» DESCRIPTION OF THE TASK
Beginning with the line that holds "Quail Ridge Apartment | Trendy Loft - 317", set down each line of the data below through the very last, exactly as given, and nothing beyond that.
--*--
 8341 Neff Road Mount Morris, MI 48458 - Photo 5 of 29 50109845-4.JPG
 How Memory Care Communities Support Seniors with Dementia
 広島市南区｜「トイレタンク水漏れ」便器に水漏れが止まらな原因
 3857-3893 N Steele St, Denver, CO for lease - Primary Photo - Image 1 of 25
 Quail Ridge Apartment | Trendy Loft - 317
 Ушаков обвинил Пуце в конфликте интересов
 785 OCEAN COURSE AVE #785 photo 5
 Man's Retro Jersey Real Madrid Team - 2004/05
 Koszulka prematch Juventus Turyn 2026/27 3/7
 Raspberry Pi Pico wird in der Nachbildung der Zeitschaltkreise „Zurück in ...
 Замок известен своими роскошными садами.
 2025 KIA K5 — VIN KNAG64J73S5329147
--*--
» TASK RESPONSE
 Quail Ridge Apartment | Trendy Loft - 317
 Ушаков обвинил Пуце в конфликте интересов
 785 OCEAN COURSE AVE #785 photo 5
 Man's Retro Jersey Real Madrid Team - 2004/05
 Koszulka prematch Juventus Turyn 2026/27 3/7
 Raspberry Pi Pico wird in der Nachbildung der Zeitschaltkreise „Zurück in ...
 Замок известен своими роскошными садами.
 2025 KIA K5 — VIN KNAG64J73S5329147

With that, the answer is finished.